§ **Work task**: Your answer is the listing, printed exactly as given.

§ **Provided material**:
--- --- ---
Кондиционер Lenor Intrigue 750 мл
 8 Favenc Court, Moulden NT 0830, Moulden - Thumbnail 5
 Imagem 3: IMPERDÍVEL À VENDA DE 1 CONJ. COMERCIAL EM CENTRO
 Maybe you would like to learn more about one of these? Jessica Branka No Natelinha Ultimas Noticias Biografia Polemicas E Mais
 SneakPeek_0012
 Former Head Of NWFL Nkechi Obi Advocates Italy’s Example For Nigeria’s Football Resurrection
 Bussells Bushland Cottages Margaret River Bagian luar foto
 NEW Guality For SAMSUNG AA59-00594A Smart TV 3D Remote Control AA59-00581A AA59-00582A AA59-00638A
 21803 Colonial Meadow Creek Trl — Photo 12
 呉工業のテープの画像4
--- --- ---
§ **Solution to this task**:
Кондиционер Lenor Intrigue 750 мл
 8 Favenc Court, Moulden NT 0830, Moulden - Thumbnail 5
 Imagem 3: IMPERDÍVEL À VENDA DE 1 CONJ. COMERCIAL EM CENTRO
 Maybe you would like to learn more about one of these? Jessica Branka No Natelinha Ultimas Noticias Biografia Polemicas E Mais
 SneakPeek_0012
 Former Head Of NWFL Nkechi Obi Advocates Italy’s Example For Nigeria’s Football Resurrection
 Bussells Bushland Cottages Margaret River Bagian luar foto
 NEW Guality For SAMSUNG AA59-00594A Smart TV 3D Remote Control AA59-00581A AA59-00582A AA59-00638A
 21803 Colonial Meadow Creek Trl — Photo 12
 呉工業のテープの画像4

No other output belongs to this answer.